Tuesday, September 11, 2007

Frenchman Skeptical that the Arabs can be Subjugated

From: Copies of original letters from the army of General Bonaparte in Egypt, intercepted by the fleet under the command of Admiral Lord Nelson. With an English translation (London, J. Wright, 1798-1800, 3 vols.), vol. 2, pp. 59-69.


Rosetta, (10 Therimdor), July 28.

My dear Ramcy,

I HAVE not written to you since we left Malta. You received, I hope, the letter I wrote you on board my ship, while she lay there--not to repeat what I have already said, I take up my narrative from that day.

The ships of war and transports set sail on the 19th of June, directing their course to the eastward, and on the 24th we discovered the high lands of Candia, covered with snow; the 29th, the look-out frigate made the land (this was the coast of Barbary), and the same day the whole fleet had a sight of it; it was exceedingly low and sandy, resembling in every respect the ground between Calais and Gravelines.

At length, at day-break on the 1st of July, we discovered the city of Alexandria. The same day, about four in the afternoon, orders were given for landing the troops, which was effected, in spite of a very heavy sea, in a convenient bay about two leagues to the east(1) of the city. On this part of the coast is a building, called the Tower of the Mameloucs. The next day, six or seven thousand men, unprovided with artillery, laid siege to this ancient and celebrated city. The Turks discharged a few pieces of cannon.
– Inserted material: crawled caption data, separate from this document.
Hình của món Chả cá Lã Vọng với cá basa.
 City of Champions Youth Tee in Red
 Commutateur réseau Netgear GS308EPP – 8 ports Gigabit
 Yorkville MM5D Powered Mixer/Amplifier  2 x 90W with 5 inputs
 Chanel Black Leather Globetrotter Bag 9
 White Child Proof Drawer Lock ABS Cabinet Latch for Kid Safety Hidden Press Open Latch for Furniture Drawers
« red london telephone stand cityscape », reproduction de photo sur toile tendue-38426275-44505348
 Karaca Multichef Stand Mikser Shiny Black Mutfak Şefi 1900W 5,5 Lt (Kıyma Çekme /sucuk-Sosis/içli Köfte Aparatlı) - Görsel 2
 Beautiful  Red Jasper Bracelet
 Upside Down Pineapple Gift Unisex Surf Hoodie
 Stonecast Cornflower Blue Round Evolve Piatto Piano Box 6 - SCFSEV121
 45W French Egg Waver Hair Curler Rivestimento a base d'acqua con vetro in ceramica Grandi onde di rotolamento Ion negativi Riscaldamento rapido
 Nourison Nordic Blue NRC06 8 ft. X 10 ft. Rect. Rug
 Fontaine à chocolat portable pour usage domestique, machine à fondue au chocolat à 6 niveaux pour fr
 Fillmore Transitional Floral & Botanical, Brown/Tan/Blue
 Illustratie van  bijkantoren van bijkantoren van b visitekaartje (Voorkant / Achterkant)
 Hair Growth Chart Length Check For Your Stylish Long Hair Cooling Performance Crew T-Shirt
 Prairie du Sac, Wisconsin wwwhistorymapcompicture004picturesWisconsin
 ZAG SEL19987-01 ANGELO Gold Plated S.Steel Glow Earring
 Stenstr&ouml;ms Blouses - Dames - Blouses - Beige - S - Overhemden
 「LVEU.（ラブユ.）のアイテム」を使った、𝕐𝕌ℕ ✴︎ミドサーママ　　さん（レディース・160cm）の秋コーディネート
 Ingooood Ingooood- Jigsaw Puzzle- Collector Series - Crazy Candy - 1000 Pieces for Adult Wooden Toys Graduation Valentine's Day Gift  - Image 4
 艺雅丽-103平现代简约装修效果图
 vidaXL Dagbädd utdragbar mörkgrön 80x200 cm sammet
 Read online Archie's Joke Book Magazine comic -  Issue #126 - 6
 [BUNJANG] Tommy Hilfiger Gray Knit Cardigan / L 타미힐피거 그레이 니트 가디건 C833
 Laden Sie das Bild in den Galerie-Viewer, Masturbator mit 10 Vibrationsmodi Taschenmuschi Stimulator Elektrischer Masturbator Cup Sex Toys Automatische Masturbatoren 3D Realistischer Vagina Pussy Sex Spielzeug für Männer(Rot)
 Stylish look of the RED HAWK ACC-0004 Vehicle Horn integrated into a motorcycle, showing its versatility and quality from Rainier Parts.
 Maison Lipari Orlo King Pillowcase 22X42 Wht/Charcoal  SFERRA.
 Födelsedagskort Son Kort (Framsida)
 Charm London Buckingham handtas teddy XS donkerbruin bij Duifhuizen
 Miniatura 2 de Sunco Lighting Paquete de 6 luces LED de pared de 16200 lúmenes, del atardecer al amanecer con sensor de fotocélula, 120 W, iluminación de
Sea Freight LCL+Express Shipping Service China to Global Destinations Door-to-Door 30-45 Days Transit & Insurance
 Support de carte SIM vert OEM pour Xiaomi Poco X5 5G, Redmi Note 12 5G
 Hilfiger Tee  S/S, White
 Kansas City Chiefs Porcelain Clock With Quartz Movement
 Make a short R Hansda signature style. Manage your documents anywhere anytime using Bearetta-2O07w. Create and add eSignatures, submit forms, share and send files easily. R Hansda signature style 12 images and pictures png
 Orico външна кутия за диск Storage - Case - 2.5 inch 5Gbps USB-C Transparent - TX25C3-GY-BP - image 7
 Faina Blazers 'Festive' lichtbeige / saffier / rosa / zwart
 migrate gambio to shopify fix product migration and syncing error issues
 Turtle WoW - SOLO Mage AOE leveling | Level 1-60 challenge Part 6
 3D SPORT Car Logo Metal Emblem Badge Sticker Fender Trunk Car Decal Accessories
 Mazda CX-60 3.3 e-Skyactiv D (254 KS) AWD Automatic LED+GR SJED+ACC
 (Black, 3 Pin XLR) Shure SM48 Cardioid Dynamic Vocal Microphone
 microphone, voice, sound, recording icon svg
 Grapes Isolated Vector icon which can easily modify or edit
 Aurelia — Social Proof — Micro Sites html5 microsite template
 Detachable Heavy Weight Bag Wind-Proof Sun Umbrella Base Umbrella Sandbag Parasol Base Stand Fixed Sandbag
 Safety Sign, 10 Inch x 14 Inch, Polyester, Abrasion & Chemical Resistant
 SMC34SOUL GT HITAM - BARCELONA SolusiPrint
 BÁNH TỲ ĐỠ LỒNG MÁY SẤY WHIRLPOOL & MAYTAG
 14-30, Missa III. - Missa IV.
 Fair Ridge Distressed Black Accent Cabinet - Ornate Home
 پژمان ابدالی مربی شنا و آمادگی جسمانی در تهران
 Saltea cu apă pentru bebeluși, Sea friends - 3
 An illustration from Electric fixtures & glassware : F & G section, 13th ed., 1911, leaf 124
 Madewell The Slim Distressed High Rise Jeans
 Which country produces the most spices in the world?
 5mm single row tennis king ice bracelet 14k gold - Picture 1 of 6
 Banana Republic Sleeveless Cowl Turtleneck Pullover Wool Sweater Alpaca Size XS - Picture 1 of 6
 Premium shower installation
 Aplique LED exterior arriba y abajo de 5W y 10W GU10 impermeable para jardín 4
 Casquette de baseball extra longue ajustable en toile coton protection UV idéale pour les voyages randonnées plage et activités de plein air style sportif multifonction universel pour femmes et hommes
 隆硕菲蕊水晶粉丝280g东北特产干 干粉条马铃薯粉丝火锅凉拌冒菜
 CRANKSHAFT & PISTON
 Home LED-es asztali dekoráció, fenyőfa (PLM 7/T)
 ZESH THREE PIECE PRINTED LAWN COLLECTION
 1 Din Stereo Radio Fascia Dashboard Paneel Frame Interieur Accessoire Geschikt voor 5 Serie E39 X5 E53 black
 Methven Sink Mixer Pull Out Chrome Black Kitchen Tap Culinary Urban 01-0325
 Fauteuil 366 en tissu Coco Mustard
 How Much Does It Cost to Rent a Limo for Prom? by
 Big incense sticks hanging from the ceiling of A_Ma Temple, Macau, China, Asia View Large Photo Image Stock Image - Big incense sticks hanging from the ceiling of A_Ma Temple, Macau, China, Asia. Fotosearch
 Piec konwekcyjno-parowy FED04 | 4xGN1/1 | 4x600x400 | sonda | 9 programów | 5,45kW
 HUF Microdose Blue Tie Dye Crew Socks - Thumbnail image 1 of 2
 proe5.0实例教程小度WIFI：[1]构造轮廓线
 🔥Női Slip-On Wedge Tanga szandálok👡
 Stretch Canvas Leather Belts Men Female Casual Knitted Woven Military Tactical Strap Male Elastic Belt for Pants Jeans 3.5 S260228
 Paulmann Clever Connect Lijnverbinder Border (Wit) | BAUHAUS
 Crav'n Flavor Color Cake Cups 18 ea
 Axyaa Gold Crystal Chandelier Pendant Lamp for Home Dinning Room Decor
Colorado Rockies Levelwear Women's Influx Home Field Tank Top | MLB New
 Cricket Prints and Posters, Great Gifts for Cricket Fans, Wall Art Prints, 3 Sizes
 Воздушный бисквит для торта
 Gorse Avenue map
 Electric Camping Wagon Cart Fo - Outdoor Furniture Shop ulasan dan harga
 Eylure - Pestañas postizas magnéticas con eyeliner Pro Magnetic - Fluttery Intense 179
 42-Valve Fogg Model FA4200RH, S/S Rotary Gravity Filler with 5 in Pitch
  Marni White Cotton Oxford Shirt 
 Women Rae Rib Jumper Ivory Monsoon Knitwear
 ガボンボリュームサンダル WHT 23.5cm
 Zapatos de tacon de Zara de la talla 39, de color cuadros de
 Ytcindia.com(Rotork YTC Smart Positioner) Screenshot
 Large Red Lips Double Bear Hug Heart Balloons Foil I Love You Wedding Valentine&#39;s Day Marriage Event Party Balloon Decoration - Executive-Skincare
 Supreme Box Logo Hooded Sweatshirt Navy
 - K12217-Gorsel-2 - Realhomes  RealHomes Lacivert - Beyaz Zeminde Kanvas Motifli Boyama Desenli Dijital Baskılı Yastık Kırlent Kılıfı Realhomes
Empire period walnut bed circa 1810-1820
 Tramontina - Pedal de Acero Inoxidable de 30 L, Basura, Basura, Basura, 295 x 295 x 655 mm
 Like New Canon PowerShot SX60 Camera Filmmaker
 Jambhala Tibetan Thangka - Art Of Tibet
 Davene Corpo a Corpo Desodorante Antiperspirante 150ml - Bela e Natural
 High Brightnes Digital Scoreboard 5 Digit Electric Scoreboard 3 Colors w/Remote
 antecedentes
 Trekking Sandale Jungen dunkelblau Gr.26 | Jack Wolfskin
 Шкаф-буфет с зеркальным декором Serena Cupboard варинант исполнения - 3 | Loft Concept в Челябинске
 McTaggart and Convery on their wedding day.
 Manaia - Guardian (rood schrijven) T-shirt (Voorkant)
The French were already close to the ruined walls which surround it, where they received a volley of musquetry and stones from the Arabs, and then mounted to the assaulat by two old Breaches!

The Generals Kleber and Menou were wounded, but the French entered the city victoriously by noon. In the evening the Turks and Arabs fired on our troops from their houses, and killed some of them;-- this REVOLT was punished, but in the gentlest manner(2)! This first conquest cost us between two and three hundred men. The loss of the enemy was equal to our own.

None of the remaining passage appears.